# Are farmers reluctant??



## Mr.Kahler (Jul 15, 2013)

I'm heading to an area of vt this weekend with a lot of wide open felielda on tree lines. I plan on asking many farmers for permission that day. Are they usually reluctant. What are some points I should make or words to use in an effort to get a permission? Thanks


----------



## Mr.Kahler (Jul 15, 2013)

My cousin says she sees yotes all through this area so I'm feeling good about my chances of killin one. Just gta get permission


----------



## Rick Howard (Feb 25, 2012)

I like to bring a card with my cintact info on it. I sometimes start by asking permission for non deer season times. Some denials come becsuse of deer hunting.


----------



## Mr.Kahler (Jul 15, 2013)

Of course. Deer season is a bit away. I would also mention that id take the dog with me and reinforce the fact that no litter or casings will be left. And maybe get the number to call befOre I come?


----------



## youngdon (Mar 10, 2010)

Yes sir and no sir always worked for me....but then again I'm really good looking.....

Just be neat and clean and be respectful. Does your cousin know anyone ?


----------



## Mr.Kahler (Jul 15, 2013)

No lol she goes through benson with her bf. I'm a very good talker. Yes sir no sir of course sir anything for you sir, would you like a 20$ bill sir . bu honestly I'm very good talking to ppl


----------



## Rick Howard (Feb 25, 2012)

That's all ya need. Manners and common sense go a long way.


----------



## Mr.Kahler (Jul 15, 2013)

I got the manners part down hahaha. I live right outside of lake George dirty. I was readin in other forums you were in buffalo. How's the hunting up their. I'll be hunting Washington county here in ny. I'm on the ny vt border. Hampton new York outside of Whitehall


----------



## Mr.Kahler (Jul 15, 2013)

I don't even think some of these have livestock. There will still be dogs nearby right? Hunting rabbits and mice ETC


----------



## Rick Howard (Feb 25, 2012)

Check the NY laws before you hunt. There is a season on coyote here. There also areas where centerfire rifle is restricted.

I go north of me for fox (there are some coyote there too) and south for coyote. I see less fox to my south. I hunt near my home town too which is east of me. I find about equal parts there. The fox tend to be closer to where people are. Coyote tend to stick to where the people are not. I have hunts a little bit in the Syracuse area but.... That was long ago. It was more fox less coyote then. I hear coyote seem to be taking over there now though.

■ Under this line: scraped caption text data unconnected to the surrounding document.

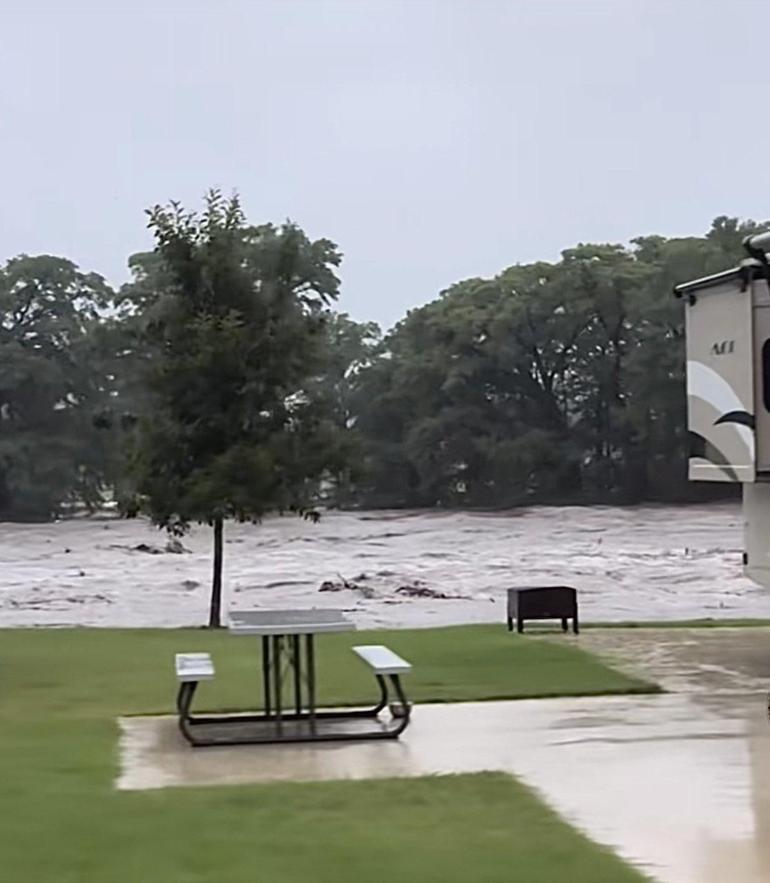Texas’ta meydana gelen sellerde 24 kişi hayatını kaybetti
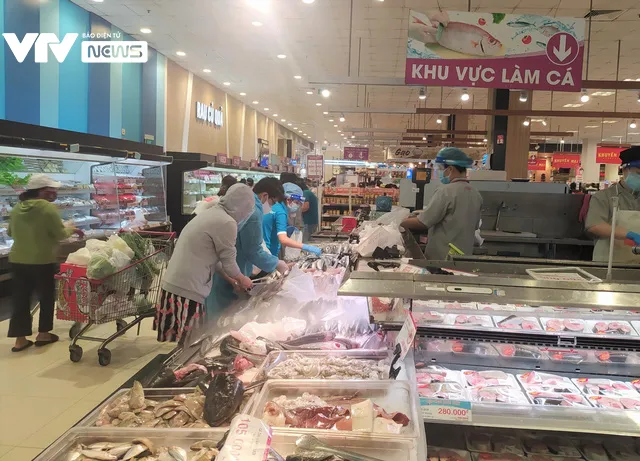 TP Hồ Chí Minh: Nêm chặt người mua sắm, siêu thị tăng hàng dự trữ 3 - 5 lần - Ảnh 2. TP Hồ Chí Minh: Nêm chặt người mua sắm, siêu thị tăng hàng dự trữ 3 - 5 lần - Ảnh 2.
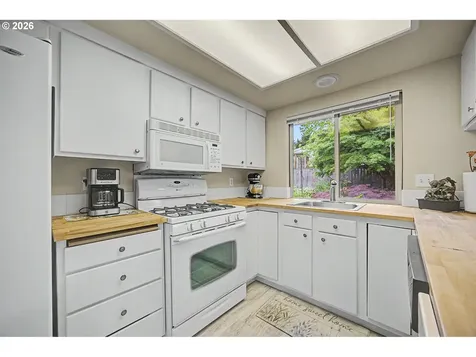 1837 NE 148th Place Portland OR 97230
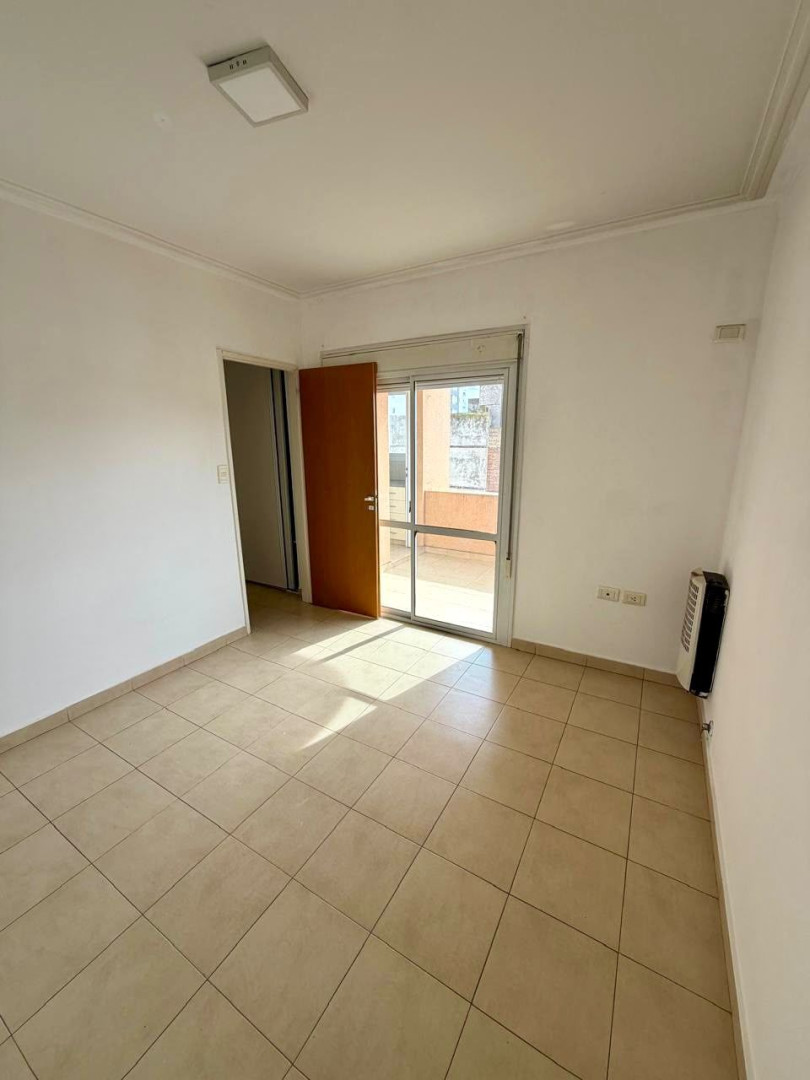 Departamento en Alquiler en Caronti 127, Centro, Bahía Blanca - Bahía Blanca Propiedades | SITIO OFICIAL l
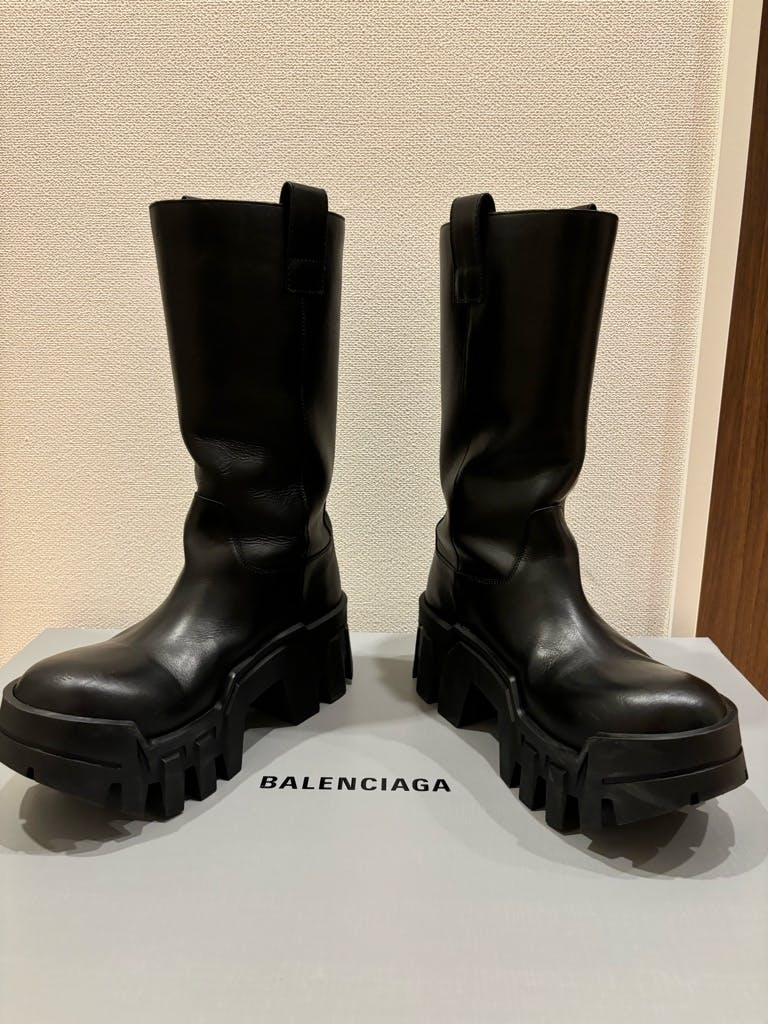 BALENCIAGA bulldozer boots 39 - ARCHIVESTOCK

Sheep farmers like coyote hunters. Fruit farmers tend to be reluctant. The dairy guys are about 50/50. The larger farms tend to decline and the smaller are more inviting.


----------



## Mr.Kahler (Jul 15, 2013)

That's helpful dirty. I'll probably be sticking to Vermont mainly because it's all year round here. It's only 50$ to hunt yotes for non residents. Worth it to me. I live right on the border. I'll probably stop at every farm with decent land I see. It's gonna be a learning experience


----------



## sneakygroundbuzzard (Nov 1, 2012)

here in minnesota we have a non season on them

they are unprotected and can be hunted year round no license required,but night hunting is limited to just a few weeks in the winter time

here it is difficult to get permission to hunt private land,unless you know the land owner

farmers here have had problems for a long time with trespassers and litter bugs etc etc

so they have become reluctant to let people on their land

i stick to hunting public land,its very tough to be succesfull hunting anything on our public lands,as they seem to get used year round

but very very rewarding when one does take what they are after


----------



## Rick Howard (Feb 25, 2012)

It's funny you say looks decent.... As you get more experience...... What looks good will change


----------



## youngdon (Mar 10, 2010)

+1.But if you take a minute and think about what you just did on that stand and how you could have done better you'll learn to spot the right place to set up quicker. It's not fool proof, as I still find myself saying WTH did I sit here for every so often.......Think about it, but don't over think it.


----------



## Mr.Kahler (Jul 15, 2013)

I think I have a lot to learn haha


----------



## DesertGhost (Nov 6, 2010)

I think asking for permissiong to hunt predators that might be eating chickens first. Making sure to check in either before you go out (afternoon hunt) or after the hunt and ready to leave (morning hunts) shows the respect for their property. Not mention, asking if they need any help around the place (FOR FREE) ie, chopping firewood, cutting trees, mending fence, throwing hay, etc. Youd be surprised at how acception folks are if you offer some help for them allowing you access. Then after a few months of "just stopped buy to make sure things are going okay and if you need any help with anything" do you ask for any kind of permission to hunt deer. I have had good success doing this. Most folks that truely love hunting are willing to do a little work for access. But there are too many that just want the access and no benefit for the landowner. and then have no respect for the property doing damage. This is what causing most of them to turn down us good guys. . . . good luck, i hope it works out for you


----------



## Mr.Kahler (Jul 15, 2013)

That's a great idea. I don't mind workin the farm. If anything I could learn a thing or two.


----------



## youngdon (Mar 10, 2010)

Mr.Kahler said:


> I think I have a lot to learn haha


We all have a lot to learn........and not just about coyote hunting !


----------



## SHampton (Apr 20, 2012)

I would refer to them as coyotes and not dogs. Sounds silly but I promise ask to hunt dogs, as you call them will not be to your favor.


----------



## Mr.Kahler (Jul 15, 2013)

Amen don


----------



## Mr.Kahler (Jul 15, 2013)

Haha I'll make sure I do that Hampton.


----------



## SHampton (Apr 20, 2012)

Think about it! I'm an experienced door knocker.


----------



## Mr.Kahler (Jul 15, 2013)

I hope some day I can be as experienced in "coyote" hunting and door knocking as you sir  I'll see this Saturday


----------